April 19, 2014

Paolina Preziosi

It was Holy Weekend, 1925, at San Giovanni Rotundo in southern Italy. On Good Friday, friends of Paolina Preziosi came to Padre Pio and asked him to pray for her. She had pneumonia and no penicillin was available. Padre Pio comforted them saying, “Tell her to have no fear since she will be resurrected with the Lord.”*

That night when Paolina was praying to be healed, so she would not leave her five children orphans, Padre Pio appeared to her and said, “tomorrow when the bells ring, you will be cured.”* Later that evening she fell into a coma and her friends began to make preparations for her death.

The following day, Padre Pio was told that the local pastor had come to her with Holy Viaticum, the Blessed Sacrament for her passing.
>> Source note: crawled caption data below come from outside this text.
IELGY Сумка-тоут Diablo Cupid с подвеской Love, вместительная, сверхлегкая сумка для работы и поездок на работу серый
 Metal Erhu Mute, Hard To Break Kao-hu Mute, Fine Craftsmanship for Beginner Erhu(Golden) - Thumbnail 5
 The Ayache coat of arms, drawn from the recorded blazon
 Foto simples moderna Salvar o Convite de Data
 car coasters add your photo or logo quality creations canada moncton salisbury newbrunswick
Padre Pio then went to say the Easter Vigil Mass. When the bells rang to announce the resurrection of the Lord, Paolina leapt from her bed “as if she had been pushed by a superhuman force.”* She was completely well.

The above story may seem more appropriate for Easter Sunday than Holy Saturday. On Holy Saturday, however, the disciples were still living with the idea that Christ had died, that He was gone and they were now separated from Him. On Holy Saturday, 1925, Paolina was in a coma and her friends were awaiting her death. In the warmth of His Presence, she did rise again. The fears and doubts of her friends gave way to joy.

Similarly, it is easy to have fears and doubts about the Eucharist. A consecrated Host gives no indiation that it is anything other than an inert white disc. He still seems elsewhere, separated from us. The story above and many others testify to something far greater.

St. Pio of Pietrelcina knew Paolina Preziosi would be healed. He also knew about the Real Presence.

He is not separated from us. He is still with us.

*Ruffin, C. Bernard, Padre Pio: The True Story (Huntington, Indiana, Our Sunday Visitor, Inc., 1991) p. 202-03.
Additional source: Cataneo, Pascal, Padre Pio Gleanings (Sherbrooke, Quebec, Canada, Editions Paulines, 1991) p. 123-124.